Personal information
- Born: May 9, 1968 (age 58) Kansas City, Missouri, U.S.
- Listed height: 5 ft 11 in (1.80 m)
- Listed weight: 190 lb (86 kg)

Career information
- High school: Westport (Kansas City)
- College: Nebraska
- NFL draft: 1991: 1st round, 3rd overall pick

Career history
- Atlanta Falcons (1991–1993); Green Bay Packers (1993); Kansas City Chiefs (1993); Oakland Raiders (1995);

Awards and highlights
- First-team All-Big Eight (1989); Second-team All-Big Eight (1990);

Career NFL statistics
- Tackles: 88
- Interceptions: 2
- Fumble recoveries: 1
- Stats at Pro Football Reference

= Bruce Pickens =

American football player (born 1968)

Bruce Pickens (born May 9, 1968) is an American former professional football player who was a cornerback for four seasons in the National Football League (NFL) for the Atlanta Falcons, Green Bay Packers, Kansas City Chiefs, and Oakland Raiders.

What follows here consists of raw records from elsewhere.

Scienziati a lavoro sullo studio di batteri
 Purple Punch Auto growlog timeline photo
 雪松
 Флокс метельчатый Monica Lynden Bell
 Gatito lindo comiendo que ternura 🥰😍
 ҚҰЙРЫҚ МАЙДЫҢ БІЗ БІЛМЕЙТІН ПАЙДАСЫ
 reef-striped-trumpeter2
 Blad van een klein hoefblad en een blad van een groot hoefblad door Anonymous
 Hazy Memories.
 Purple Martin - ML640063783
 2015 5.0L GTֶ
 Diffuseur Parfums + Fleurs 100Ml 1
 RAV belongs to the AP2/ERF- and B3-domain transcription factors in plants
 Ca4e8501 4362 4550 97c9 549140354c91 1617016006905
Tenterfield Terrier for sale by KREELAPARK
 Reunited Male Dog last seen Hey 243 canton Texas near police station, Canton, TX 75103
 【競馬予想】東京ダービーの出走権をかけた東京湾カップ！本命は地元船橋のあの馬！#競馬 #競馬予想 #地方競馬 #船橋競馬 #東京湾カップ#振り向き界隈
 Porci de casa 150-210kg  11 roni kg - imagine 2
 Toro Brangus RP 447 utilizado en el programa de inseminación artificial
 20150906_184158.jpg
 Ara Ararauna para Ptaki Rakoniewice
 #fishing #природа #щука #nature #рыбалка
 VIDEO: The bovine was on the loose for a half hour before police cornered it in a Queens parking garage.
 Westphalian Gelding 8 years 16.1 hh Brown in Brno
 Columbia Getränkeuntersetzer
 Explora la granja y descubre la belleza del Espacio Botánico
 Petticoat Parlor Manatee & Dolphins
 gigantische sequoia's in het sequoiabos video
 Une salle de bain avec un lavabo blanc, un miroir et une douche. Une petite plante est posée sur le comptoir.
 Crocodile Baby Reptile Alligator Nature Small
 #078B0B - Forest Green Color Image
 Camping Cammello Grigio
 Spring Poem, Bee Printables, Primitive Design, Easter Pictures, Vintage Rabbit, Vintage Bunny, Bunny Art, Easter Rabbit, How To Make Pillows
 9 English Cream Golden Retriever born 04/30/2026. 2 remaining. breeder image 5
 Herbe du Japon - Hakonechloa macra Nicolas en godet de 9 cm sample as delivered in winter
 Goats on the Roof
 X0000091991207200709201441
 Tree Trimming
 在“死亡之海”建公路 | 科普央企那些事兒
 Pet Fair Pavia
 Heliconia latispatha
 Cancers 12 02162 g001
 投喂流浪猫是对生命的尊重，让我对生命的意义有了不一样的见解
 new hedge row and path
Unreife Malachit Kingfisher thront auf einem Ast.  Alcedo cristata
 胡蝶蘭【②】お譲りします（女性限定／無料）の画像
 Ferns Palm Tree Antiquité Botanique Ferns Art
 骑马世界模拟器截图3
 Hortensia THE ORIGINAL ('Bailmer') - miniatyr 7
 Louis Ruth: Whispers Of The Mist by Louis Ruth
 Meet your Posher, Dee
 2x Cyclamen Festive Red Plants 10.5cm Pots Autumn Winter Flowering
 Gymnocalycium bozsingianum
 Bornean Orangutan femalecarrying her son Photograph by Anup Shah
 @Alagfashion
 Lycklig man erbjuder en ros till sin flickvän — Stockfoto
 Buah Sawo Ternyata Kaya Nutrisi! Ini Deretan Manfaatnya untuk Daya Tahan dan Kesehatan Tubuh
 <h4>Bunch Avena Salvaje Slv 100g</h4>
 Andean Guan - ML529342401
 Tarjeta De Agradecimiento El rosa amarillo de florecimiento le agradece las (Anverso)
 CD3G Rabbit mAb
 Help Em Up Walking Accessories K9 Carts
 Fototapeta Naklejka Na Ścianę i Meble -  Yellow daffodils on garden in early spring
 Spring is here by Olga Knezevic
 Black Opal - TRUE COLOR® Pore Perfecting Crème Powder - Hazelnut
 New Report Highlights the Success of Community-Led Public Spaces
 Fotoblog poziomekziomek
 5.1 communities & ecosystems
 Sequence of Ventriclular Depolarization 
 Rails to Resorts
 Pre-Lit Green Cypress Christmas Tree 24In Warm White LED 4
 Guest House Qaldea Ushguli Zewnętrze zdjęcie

He played college football for the Nebraska Cornhuskers and was selected in the first round with the third overall pick in the 1991 NFL draft.

A New York Times pre-draft assessment of the 5-10, 192 lb. cornerback that ran a 4.48: "A junior-college transfer who hasn't been exposed to top passing offenses and is somewhat raw in overall development but has the best physical skill of the DBs this year. Very athletic."